Work to be completed:
Word for word, return the lines from the start of the entries below through the line that has "Place name sign Vöhringen (Württemberg)".
◆ ◆ ◆ ◆ ◆
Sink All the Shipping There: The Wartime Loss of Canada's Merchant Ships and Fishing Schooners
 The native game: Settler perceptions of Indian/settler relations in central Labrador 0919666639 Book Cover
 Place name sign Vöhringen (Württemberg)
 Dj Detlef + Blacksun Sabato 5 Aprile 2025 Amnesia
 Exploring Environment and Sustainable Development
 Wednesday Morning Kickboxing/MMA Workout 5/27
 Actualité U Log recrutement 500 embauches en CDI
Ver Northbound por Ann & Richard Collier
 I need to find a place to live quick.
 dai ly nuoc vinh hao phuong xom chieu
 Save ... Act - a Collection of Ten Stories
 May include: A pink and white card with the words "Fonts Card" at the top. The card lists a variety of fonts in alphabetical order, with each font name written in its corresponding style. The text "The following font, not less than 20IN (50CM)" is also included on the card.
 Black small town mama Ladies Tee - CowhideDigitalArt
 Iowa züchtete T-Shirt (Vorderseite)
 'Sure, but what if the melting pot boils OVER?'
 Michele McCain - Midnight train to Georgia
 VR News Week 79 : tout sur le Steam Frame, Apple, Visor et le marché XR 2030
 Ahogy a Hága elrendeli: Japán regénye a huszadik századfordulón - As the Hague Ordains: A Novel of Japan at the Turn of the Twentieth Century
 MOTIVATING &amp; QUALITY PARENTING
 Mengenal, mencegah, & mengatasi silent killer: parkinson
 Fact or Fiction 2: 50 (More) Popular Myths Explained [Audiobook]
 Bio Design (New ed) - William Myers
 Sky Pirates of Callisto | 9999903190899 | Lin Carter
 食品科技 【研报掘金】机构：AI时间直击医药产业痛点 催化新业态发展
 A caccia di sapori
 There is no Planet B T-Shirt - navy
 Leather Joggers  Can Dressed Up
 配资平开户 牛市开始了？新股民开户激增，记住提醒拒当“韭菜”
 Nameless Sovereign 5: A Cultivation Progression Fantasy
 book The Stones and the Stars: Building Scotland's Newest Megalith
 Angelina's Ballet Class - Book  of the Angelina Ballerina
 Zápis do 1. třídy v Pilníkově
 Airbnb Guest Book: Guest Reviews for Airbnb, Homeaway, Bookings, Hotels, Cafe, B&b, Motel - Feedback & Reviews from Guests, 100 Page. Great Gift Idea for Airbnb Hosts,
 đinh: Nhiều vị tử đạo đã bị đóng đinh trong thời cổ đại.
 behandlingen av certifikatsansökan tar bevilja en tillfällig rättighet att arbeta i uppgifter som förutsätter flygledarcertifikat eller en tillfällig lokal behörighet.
◆ ◆ ◆ ◆ ◆
Task output:
Sink All the Shipping There: The Wartime Loss of Canada's Merchant Ships and Fishing Schooners
 The native game: Settler perceptions of Indian/settler relations in central Labrador 0919666639 Book Cover
 Place name sign Vöhringen (Württemberg)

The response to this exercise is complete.